It’s actually a game in my family to find songs I don’t know. They’ll play random songs for me and if I can’t guess the song in ten seconds, I lose. I can usually identify it based off the first beat of music, though.

I’m also the navigator on campus and in the family, so I’d expect spatial to be high. Seriously, though—complete strangers will stop me and ask how to get somewhere. I guess I look like I know where I’m going?

And social? Well, what else did you expect from an ENFP? 😂

Others:
Language: 3.43 
Body: 3.43 
Self: 3.29 
Nature: 2.71 
Math: 1.57

Guess I should pay more attention to nature and.... **shudders**... math.


----------



## aiyanah (Oct 25, 2018)

musical 4.86
self 3.86
language 3.57
nature 3.57
social 3.43
logic 3
kinesthetic 3
spatial 2.71

seems accurate


----------



## Purrfessor (Jul 30, 2013)

Huh? Why does it ask if I have a large vocabulary instead of testing me for it, like an IQ test would? I don't want to decide between 4 and 5, I want the test to decide...


----------



## L P (May 30, 2017)

3.14
*Spatial:* You remember things visually, including exact sizes and shapes of objects.

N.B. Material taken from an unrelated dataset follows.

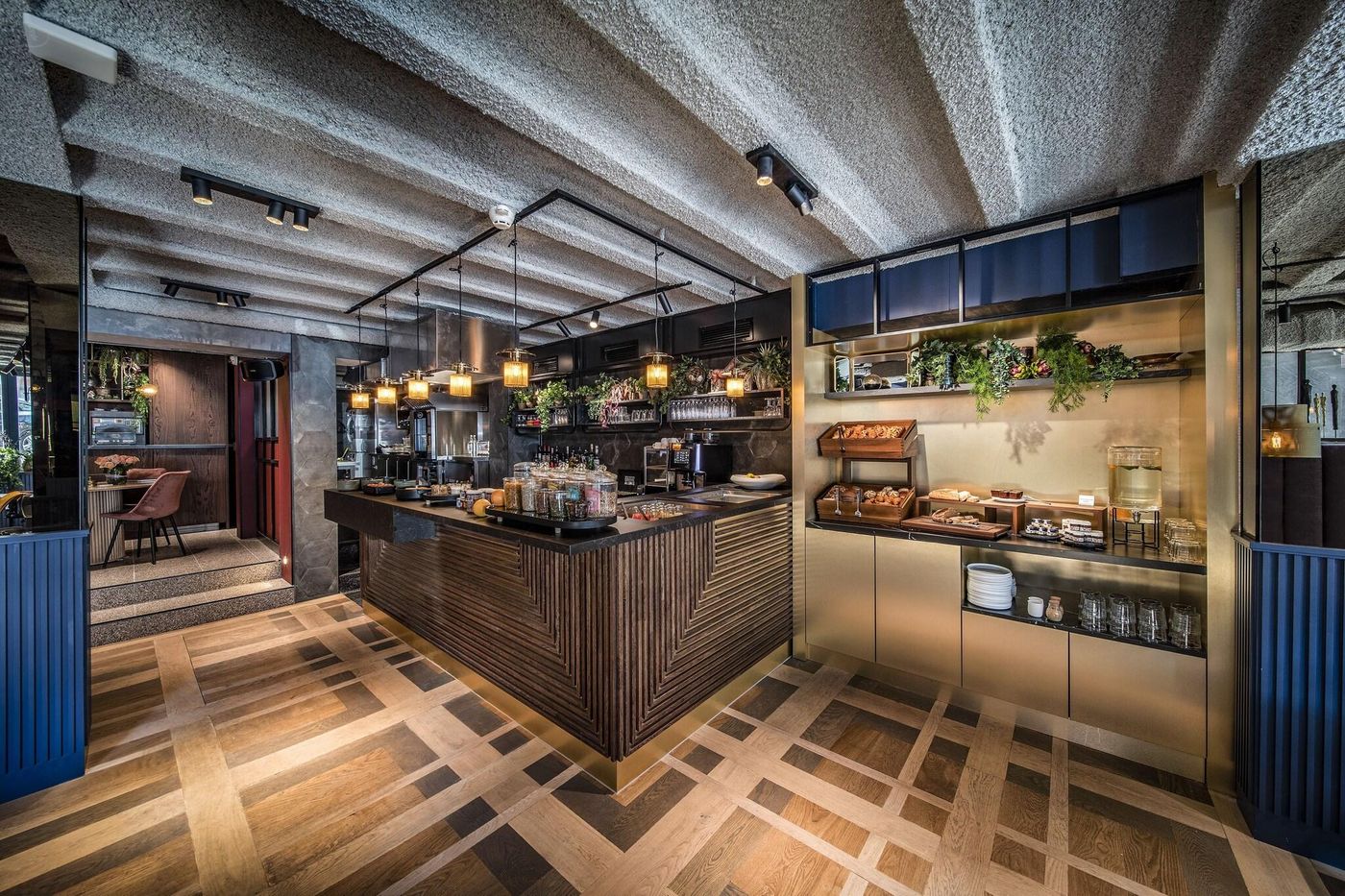 The Highlander-Netherlands-Amsterdam-Lobby-2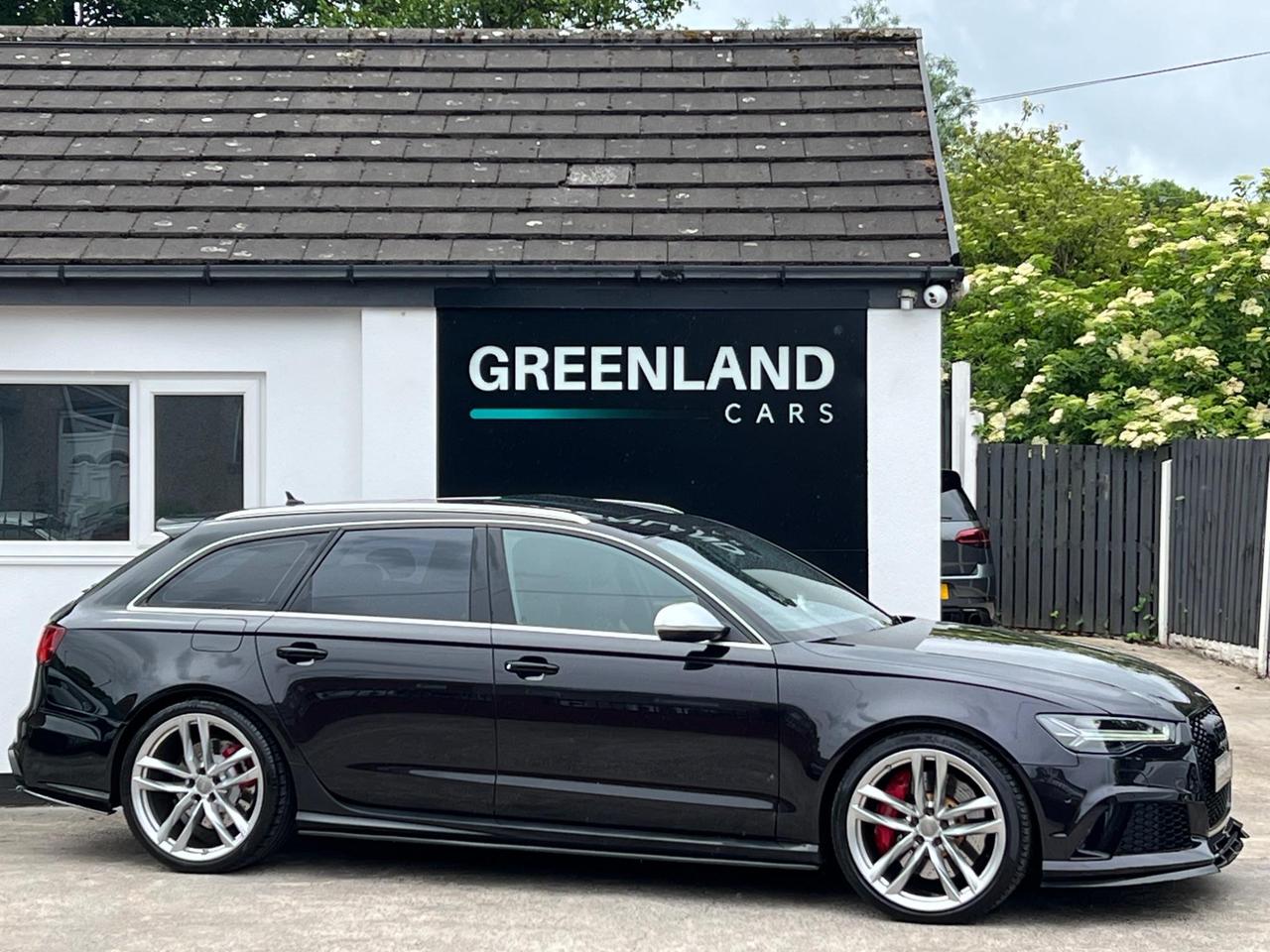 Used 2015 Audi RS6 Avant for sale in Sheffield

You like posters, charts, and graphics. You like any kind of visual clues. You enjoy drawing. Effective techniques of enhancing your learning using your spatial intelligence include creating and/or using pictures, maps, diagrams, and graphs as you learn things.

Pretty accurate.


2.86
*Nature:* You are sensitive to nature and environment. You probably know the names of rocks, flowers, birds, and trees. You love to be outdoors. 


Not very accurate. I don't know names of rocks or crap like that.


2.71
*Musical:*You like the rhythm and sound of language. You like poems, songs, and jingles. You enjoy humming or singing along with music. You probably remember things well when they are associated with music or rhythm. Try to incorporate sounds into your lessons, such as using a familiar tune, song, or rap beat to teach spelling rules, or to remember words in a series for a test. 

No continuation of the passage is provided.